Clinical Review of Dementia Inpatients in Geriatric Hospital: Focused on the Change in Cognitive Function According to the Vascular Risk Factors.
- Author:
Joon Hyuk PARK
1
;
In Soo PARK
;
Sang Wook PARK
Author Information
1. Department of Geriatric Psychiatry, Gwang-Ju City In-Gwang Geriatric Hospital, Gwangju, Korea. pis5200@hanmail.net
- Publication Type:Original Article
- Keywords:
Dementia;
Cognitive function;
Vascular risk factors;
DM, hypertension, cholesterol, homocysteine;
Apolipoprotein E
- MeSH:
Alcoholics;
Alzheimer Disease;
Apolipoproteins;
Apolipoproteins E;
Brain Injuries;
Cholesterol;
Cognition;
Dementia*;
Dementia, Vascular;
Diagnostic and Statistical Manual of Mental Disorders;
Genotype;
Homocysteine;
Humans;
Hypertension;
Inpatients*;
Parkinson Disease;
Risk Factors*
- From:Journal of the Korean Geriatrics Society
2005;9(2):146-156
- CountryRepublic of Korea
- Language:Korean
-
Abstract:
BACKGROUND: Recent studies have shown that vascular risk factors may involved in Alzheimer's disease as well as vascular dementia. The main purpose of our study is to review the clinical characteristics of dementia inpatients and to investigate how much vascular risk factors influence the cognition of dementia inpatients for 1 year. METHODS: Between July and August in 2004, 69 dementia inpatients meeting DSM-IV criteria were examined with reviewing their charts carefully and inteviewing them directly. MMSE-K(Mini-Mental State Examination-Korean version) was used to evaluate the cognitive function of dementia inpatients. Vascular risk factors included in this study were DM, hypertension, cholesterol, homocysteine, Apolipoprotein E. RESULTS: Of the 69 dementia inpatients, 33 cases were Alzheimer's disease, 18 cases vascular dementia, 7 cases mixed dementia, 5 cases alcoholic dementia, 5 cases dementia due to brain trauma and 1 case parkinson's disease with dementia, respectively. The mean MMSE-K scores of dementia inpatients were 10.7 points at the time of admission and 9.4 points after about 1 year.

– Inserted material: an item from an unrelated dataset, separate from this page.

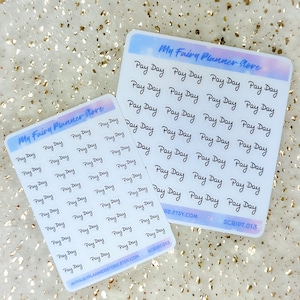 PAY DAY - Script Stickers, Minimal Stickers, Simple Stickers, Journaling Stickers, Diary, Memory Keeping, Hobonichi A6 Cousin Week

Average annual rate of decline in the MMSE-K was 2.2 points in dementia inpatients with Alzheimer Disease. In comparison between dementia inpatients with vascular risk factors(DM, hypertension, cholesterol, homocysteine, APOE epsilon4 genotype) and those without vascular risk factors, there were no differences in average annual rates of decline in the MMSE-K between two groups at each vascular risk factor. According to the presence of APOE epsilon4 genotype, in spite of no difference in age, there was significant difference in the mean MMSE-K scores between two groups at the time of admission. CONCLUSION: These results suggest that Vascular risk factors(DM, hypertension, cholesterol, homocysteine, APOE epsilon4 genotype) do not influence the rates of decline in cognition of dementia inpatients significantly.